> DATA EXTRACTS
*** Block opens ***

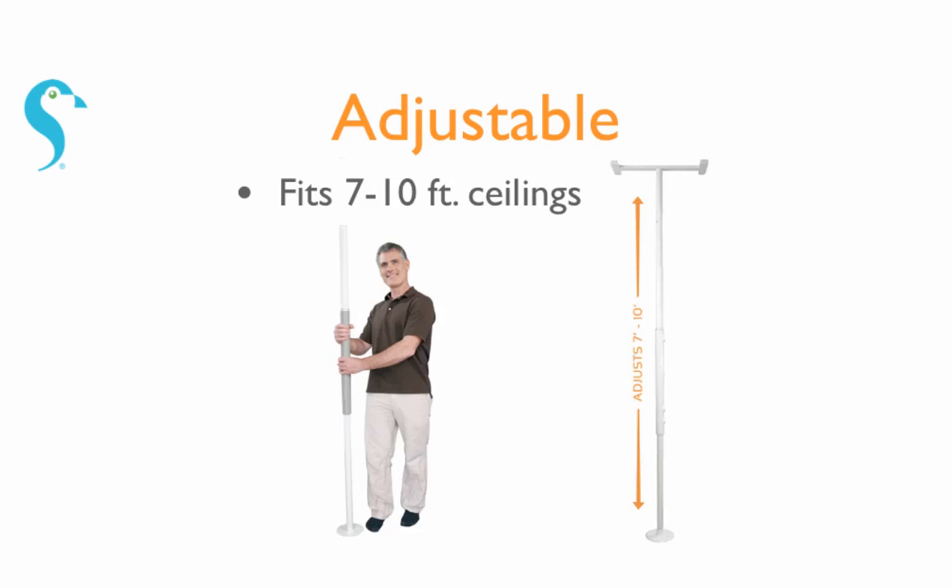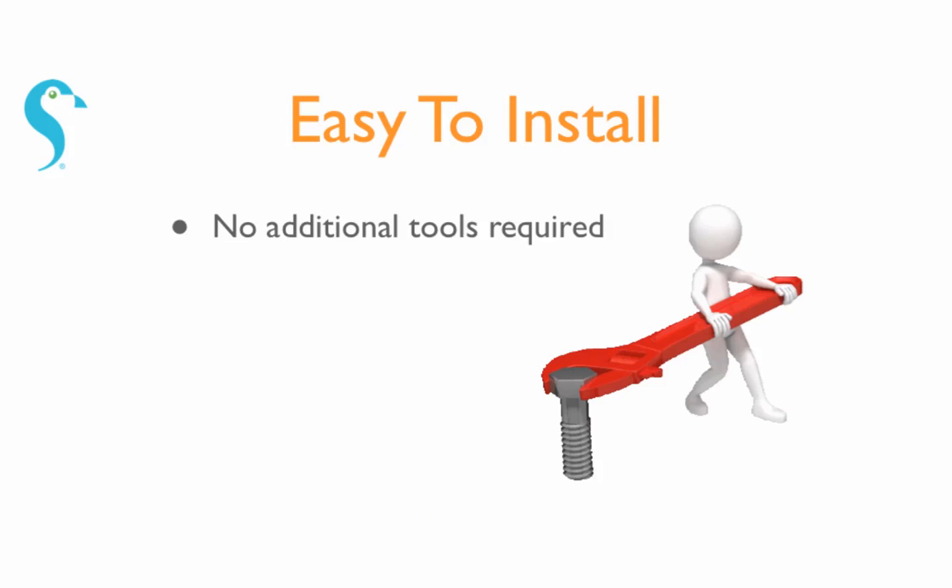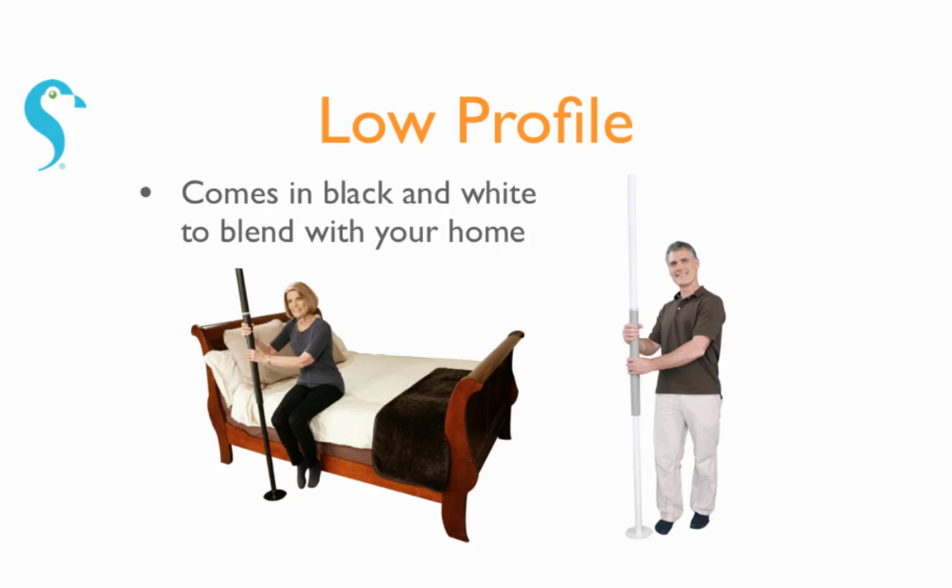It's adjustable, fitting 7–10 foot ceilings. It's easy to install with no additional tools required. And its low profile makes it blend in with your home.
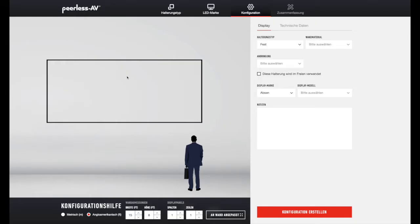Hier kommen wir auf das Konfigurationsbild, das heißt hier wird virtuell eine Wand dargestellt. Unten haben wir die Konfigurationshilfe in Metrisch oder Anglo-Amerikanisch. Wir wählen einfach Metrisch aus und sehen dann die Angaben im Metrisch.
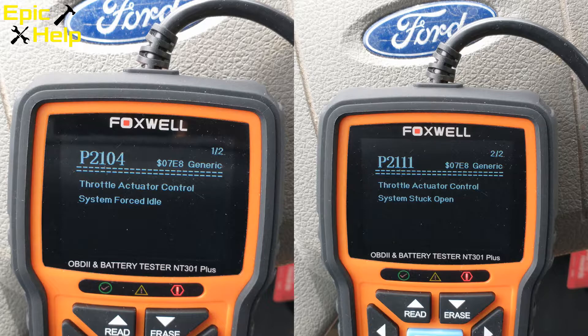This explains why the gas pedal would not work. The second trouble code I received was P2111. This trouble code shows the throttle actuator control system is stuck open. The throttle actuator is operated by the engine control module — the same engine control module that created the forced idle state.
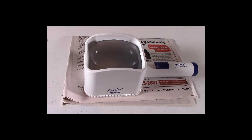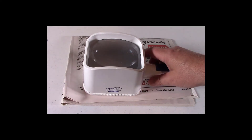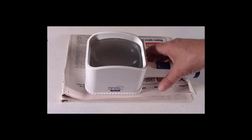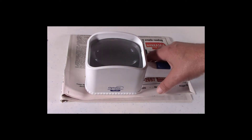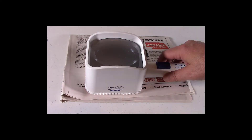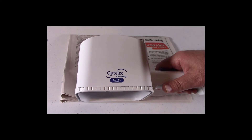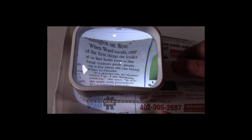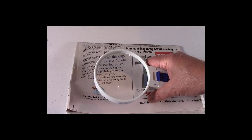The next difference is handheld versus stand magnifiers. A stand magnifier is a lens mounted to a stand which holds the magnifier at the correct height. Holding a magnifier at the correct height above what you are looking at keeps it in focus. Whatever you are looking at is in focus when you are at the proper height, called the lens focal length — the distance between the lens and what you are looking at. This is why people love using a stand magnifier, as it guarantees reading is steady and clear. A handheld magnifier has to be held at the proper height so what is under the lens is in focus.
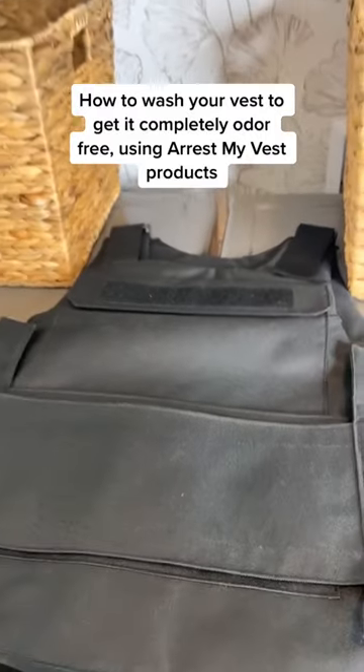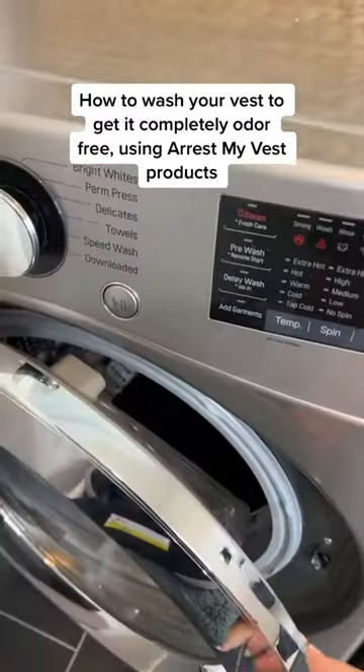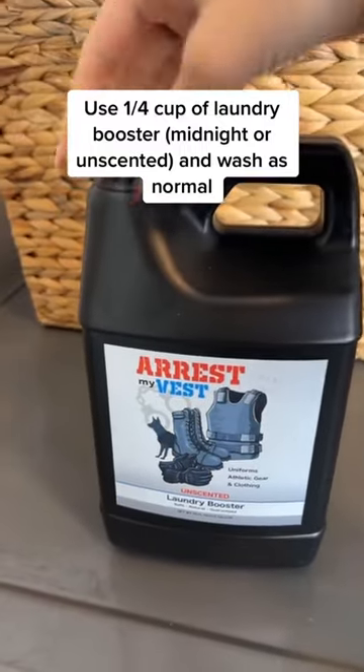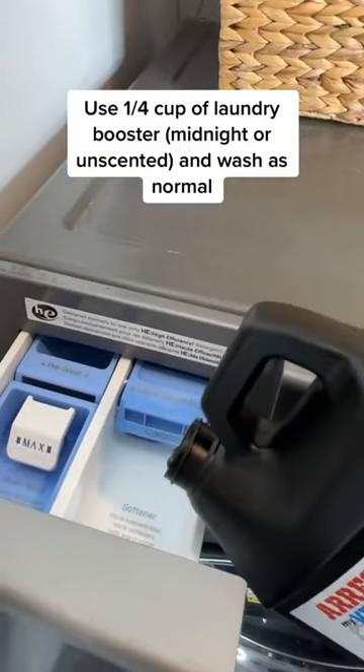How to wash your vest to get it completely odor-free using Arrest My Vest products. Use 1 quarter cup of laundry booster midnight or unscented, and wash as normal.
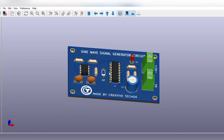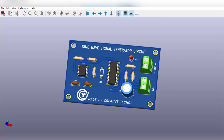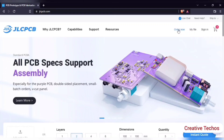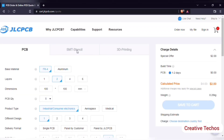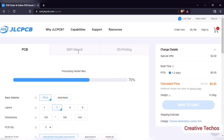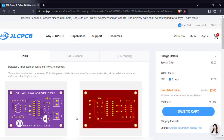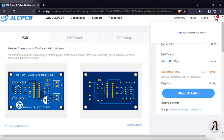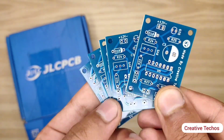For easy assembly, I also designed a PCB for the circuit — download link is in the video description. To order PCBs, just visit jlcpcb.com, click on order now, and add the PCB Gerber file. After upload, you can see a preview of your PCB. You can change the quantity and color as per your requirements. Then save to cart for checkout. You will get high quality PCBs like this — five pieces for just two dollars.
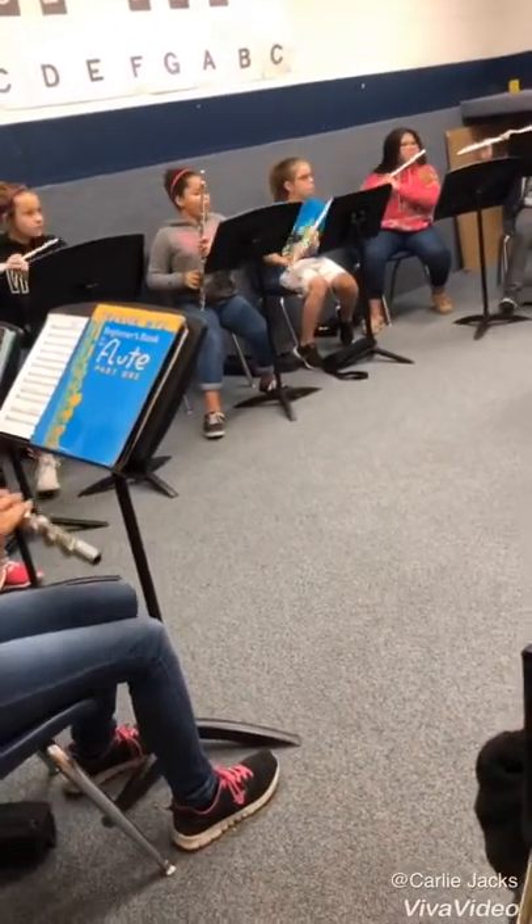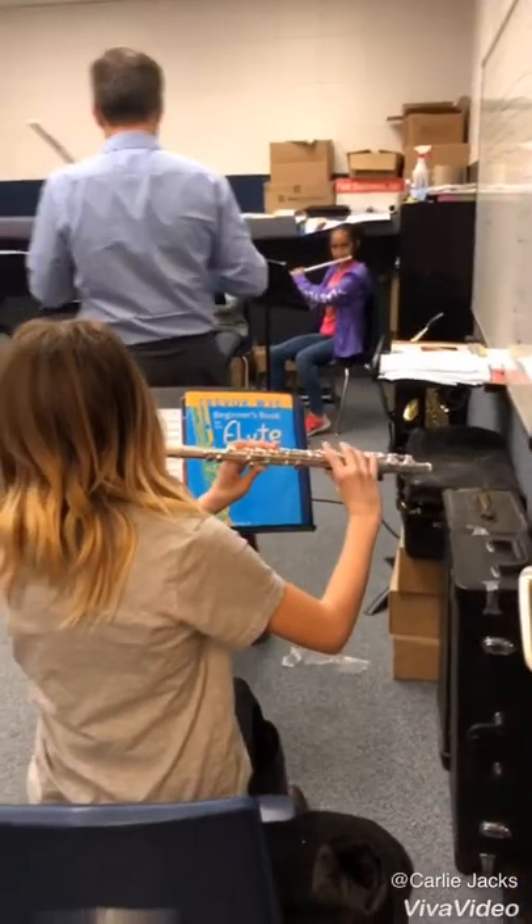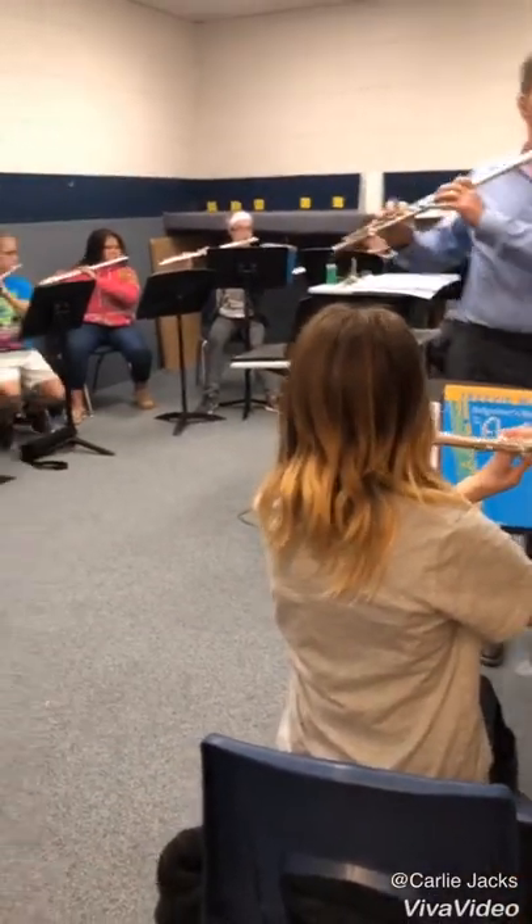Good, how about the A? One, A, low A, high A. Four counts each. One and two, and ready, and go.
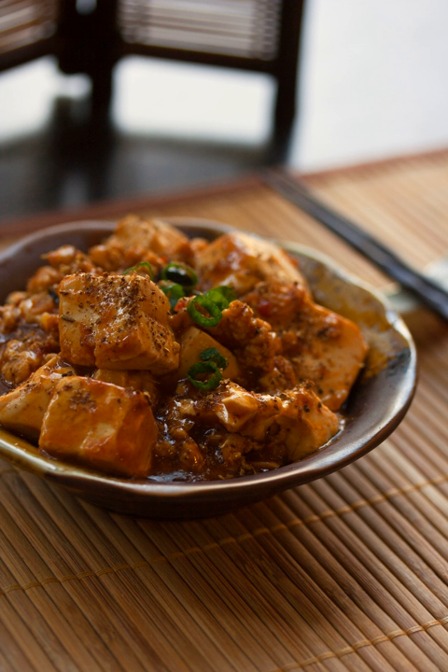In the etymology, 'ma' stands for mazi, meaning pockmarked. 'Po' is the first syllable of po-po, which means an old woman or grandma. Hence, mapo refers to an old woman whose face is pockmarked. The dish is thus sometimes translated as 'pockmarked grandma's bean curd.'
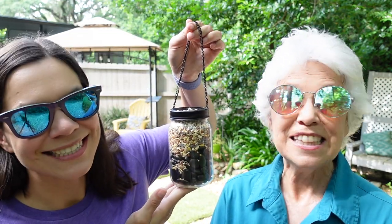Welcome to Mother Daughter Projects. I'm Steph. I'm Vicki. And today we're going to make a super easy dollar store bird feeder. Let's get started.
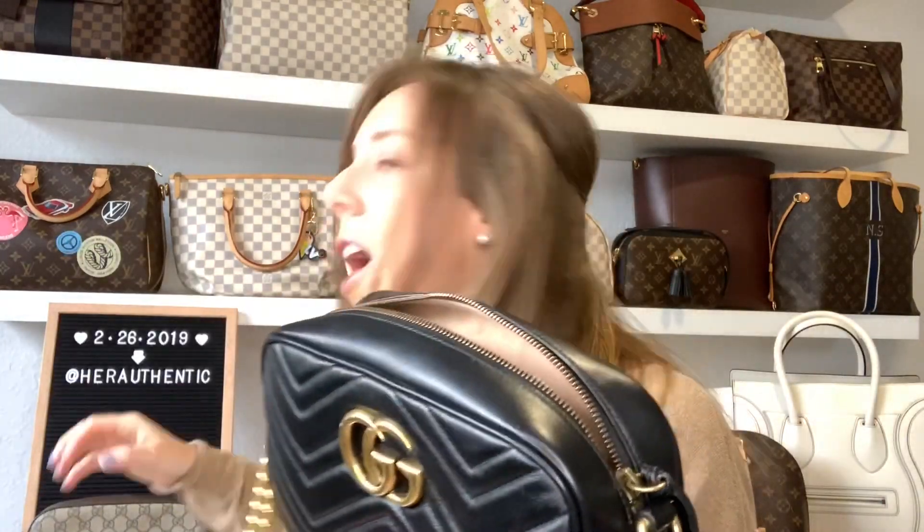I hope this video helped to answer a lot of your questions about Gucci and why these are the best four bags to own. If you are new to our channel, make sure to follow us on Instagram at herauthentic, on Facebook as well at herauthentic, and subscribe to our channel here on YouTube. Thank you so much, I hope you enjoyed this video — don't forget to subscribe. Bye!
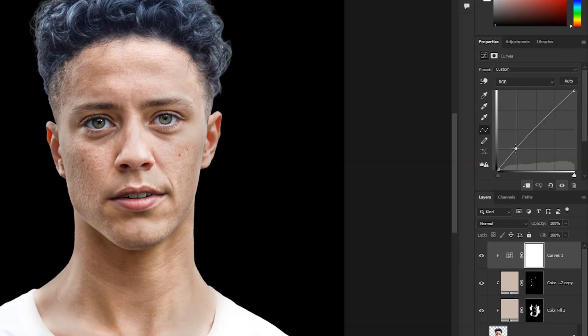Lastly, we can create a curves adjustment and increase some brightness. Invert the mask, then paint on some of these shadows to smooth out the lighting even more.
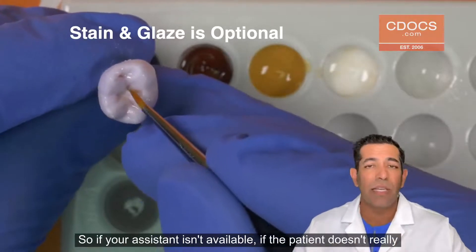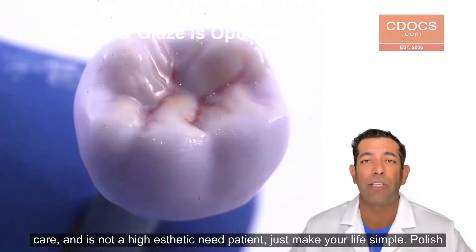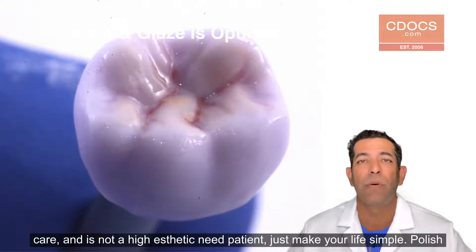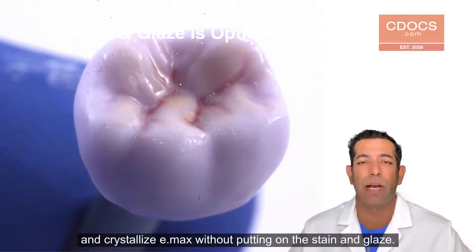So if your assistant isn't available, if the patient doesn't really care, not a high aesthetic need patient, just make your life simple. Polish and crystallize eMax without putting on the staining glaze.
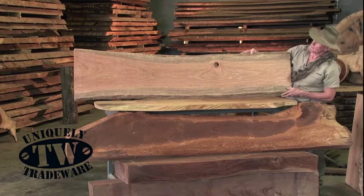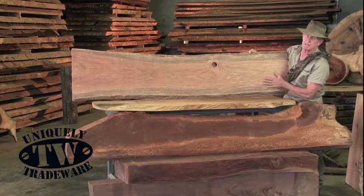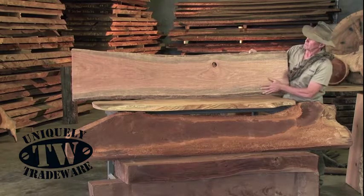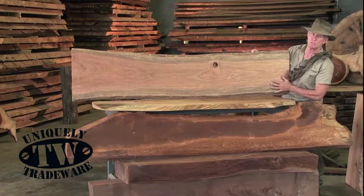This is a beautiful little piece of silky oak. Very nice, beautiful grain in this. A lot of vanities and benchtops are made out of this stuff, bar tops especially. It highlights the grain a great deal, and the knots and all that add a lot of feature to it.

*** Block closes ***

> TASK INSTRUCTIONS
Please write out the lines from the one that holds "So if your assistant" through the end of the material, both ends included, exactly and with no pictures.

> SOLUTION TO THE PROBLEM
So if your assistant isn't available, if the patient doesn't really care, not a high aesthetic need patient, just make your life simple. Polish and crystallize eMax without putting on the staining glaze.
This is a beautiful little piece of silky oak. Very nice, beautiful grain in this. A lot of vanities and benchtops are made out of this stuff, bar tops especially. It highlights the grain a great deal, and the knots and all that add a lot of feature to it.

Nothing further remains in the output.